Is your feature request related to a problem?
I wish I could use pandas to drop NaN values using a threshold that is a fraction of the total column/row, not an absolute number. See detailed example below.
Describe the solution you'd like
thresh : int or float, optional Where int, requires that many non-NA values and where float, require that fraction of non-NA values.
API breaking implications
Only needs to extend it to accept floats as well as ints.

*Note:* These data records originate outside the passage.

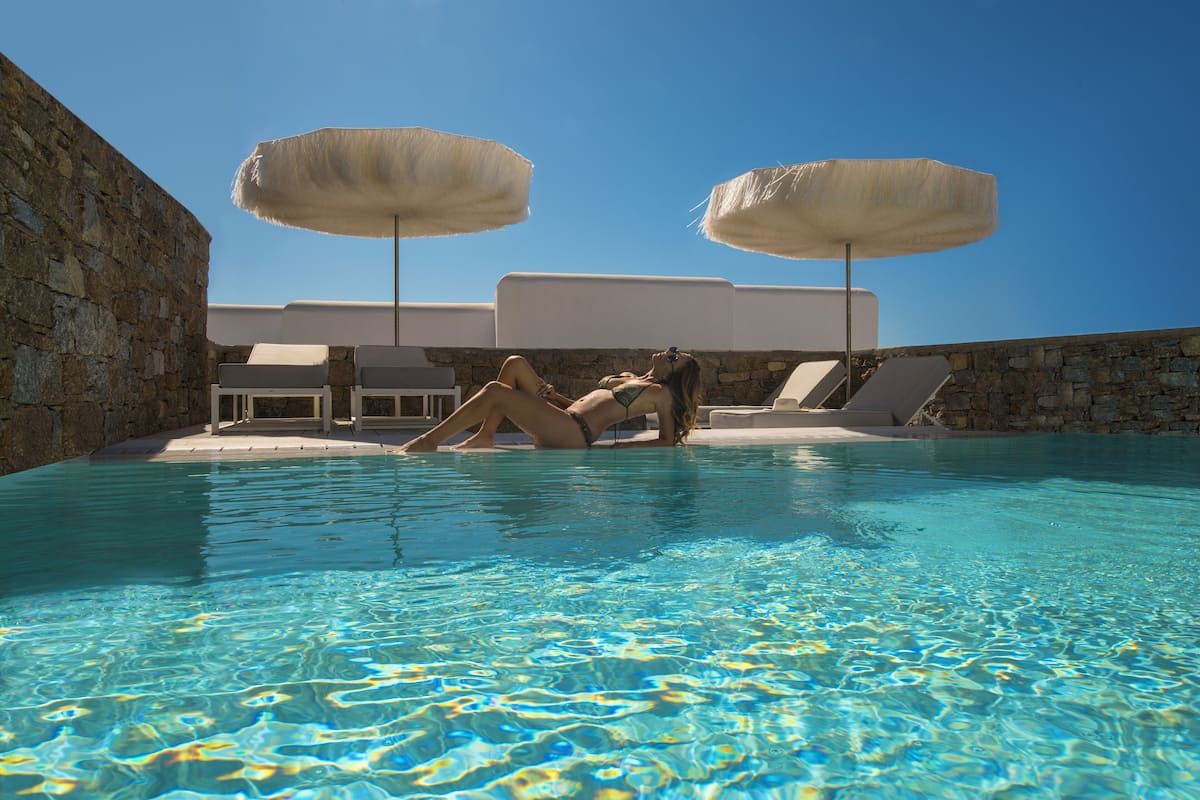 Eccentric 2 Bedroom Fitness Pool Suite | View from room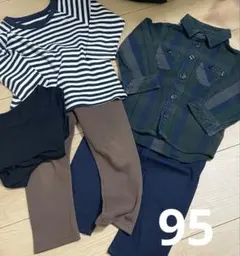 95 トップス、ボトムスセット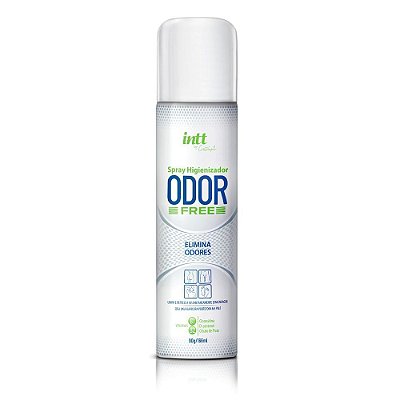 ODOR FREE -  Spray Desodorante Higienizador 90g - Sem Odor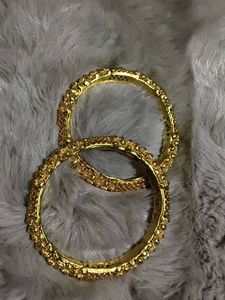 Gold Plated Bangles
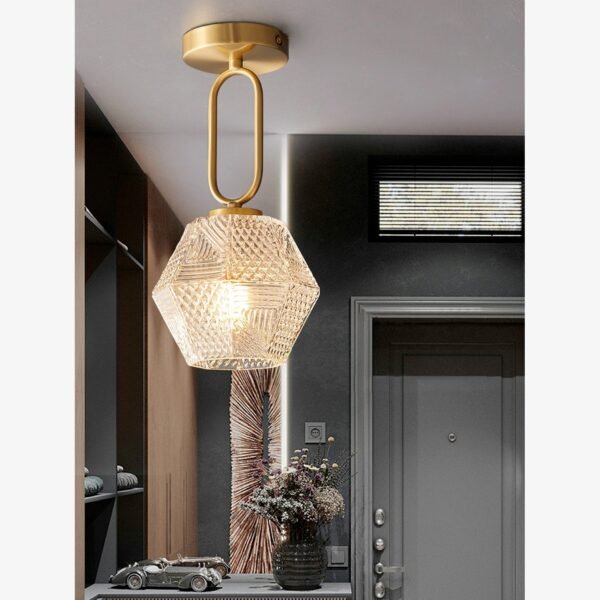 LichtZauber - Elegante Deckenlampe im Art Deco Stil - Image 7
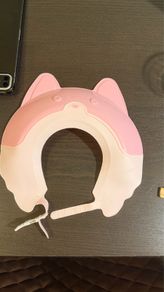 Kids hair washing visor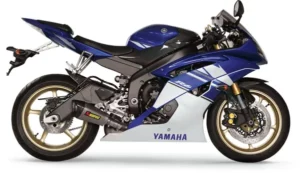 Silencieux Slip-On Titane Yamaha YZF-R6 (2010-2025) Akrapovic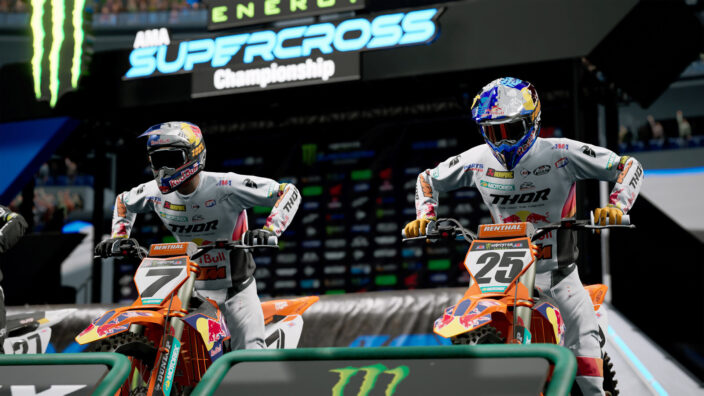 Monster Energy Supercross The Official Videogame 6 İndir ekran görüntüsü 2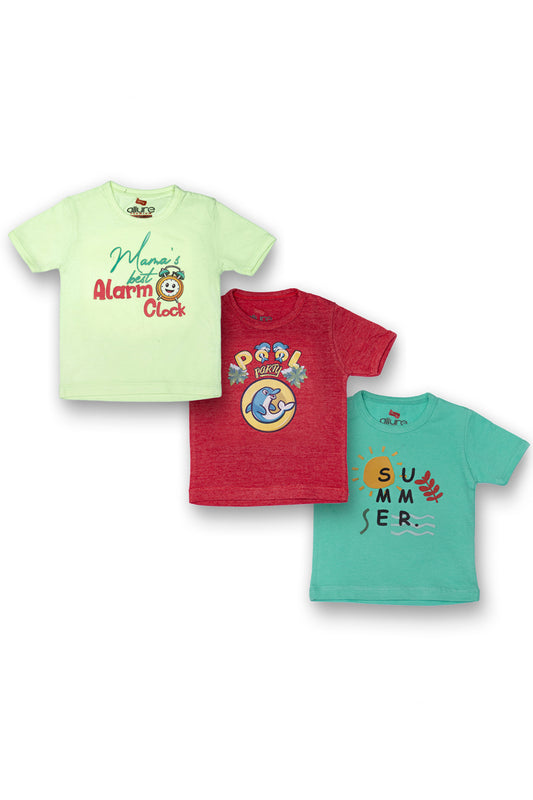AllureP T-shirt H-S Pack Of Three LRG Combo # 87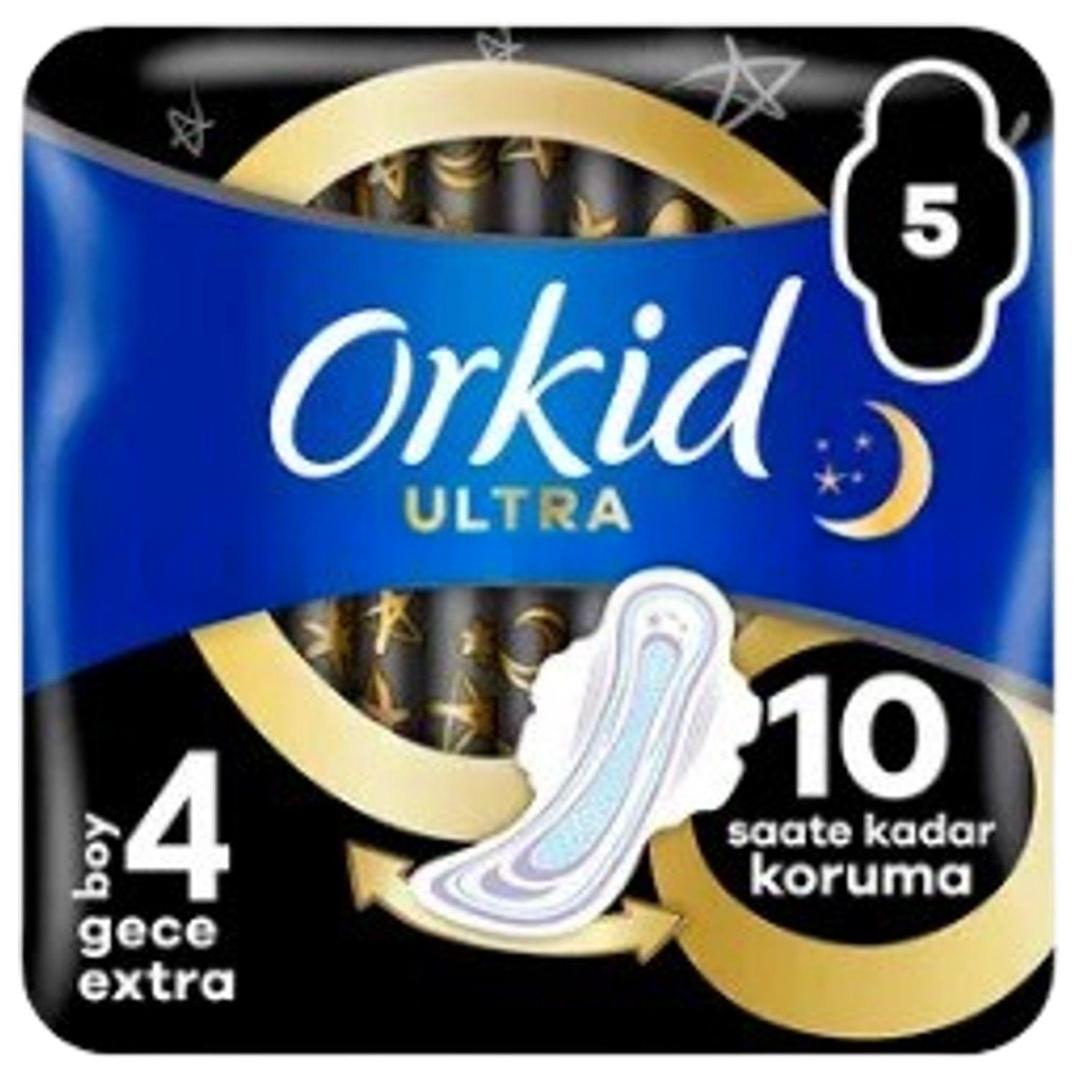 Orkid Ultra Tekli No:4 Gece 5'li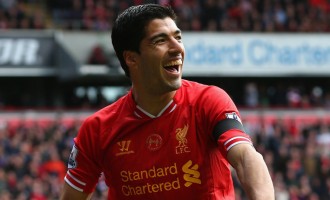 Liverpool losing, Suarez winning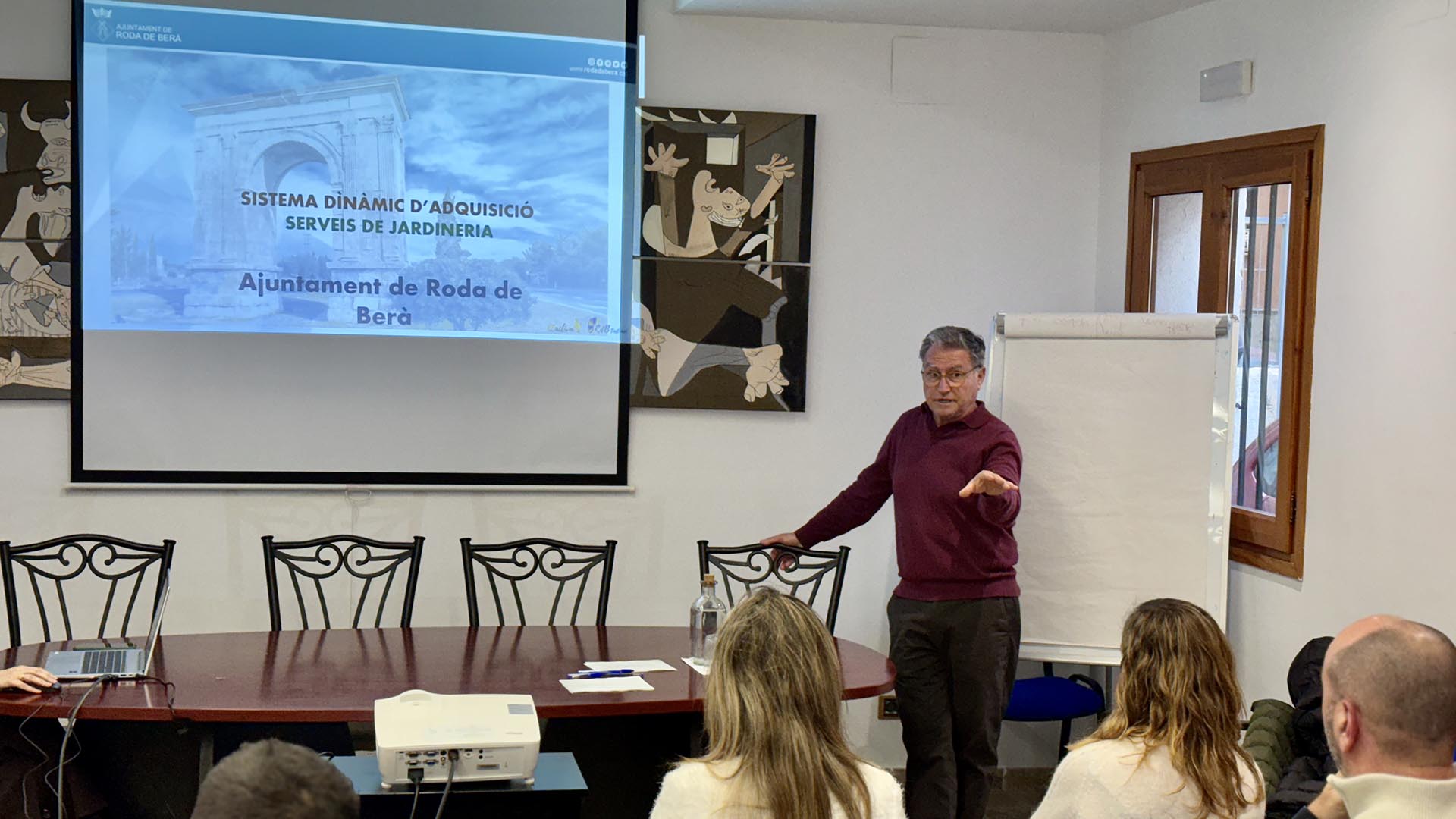 Reunió informativa sobre el sistema dinàmic d’adquisició Reunió informativa sobre el sistema dinàmic d’adquisició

Describe alternatives you've considered
None. IMHO this solution is too simple and effective to consider other options.
Additional context
Example
import numpy as np
import pandas as pd
import missingno as msno
X = pd.DataFrame(
{
'ones': np.ones(50),
'rand': np.random.normal(size=50),
'linear': np.linspace(1, 50),
}
)
y = 3 * np.sin(X.linear) + X.ones + X.rand
y = y.rename('sin_target')
X.loc[4:10, 'ones'] = np.nan
X.loc[4:20, 'rand'] = np.nan
X.loc[40:45, ['linear', 'ones', 'rand']] = np.nan
y.loc[23:25] = np.nan
Xy = pd.concat([X, y], axis=1)
msno.matrix(Xy)
Xy_t = Xy.dropna(thresh=0.7 * len(Xy), axis=1)
# Proposed: Xy_t = Xy.dropna(thresh=0.7, axis=1)
msno.matrix(Xy_t)
Xy_t = Xy.dropna(thresh=0.4 * Xy.shape[1], axis=1)
# Proposed: Xy_t = Xy.dropna(thresh=0.4, axis=1)
msno.matrix(Xy_t)
It should be obviously that this is very useful in cases where the df axis size is liable to change, and where using piped functionality (saves the extra line of code calculating thresh_int = 0.4 * Xy.shape[1]
).
Comment From: attack68
This seems like a reasonably sensible and simple extension, albeit, there might need to be careful coding around 1 int and 1.00 float (0 int and 0.00 float are the same).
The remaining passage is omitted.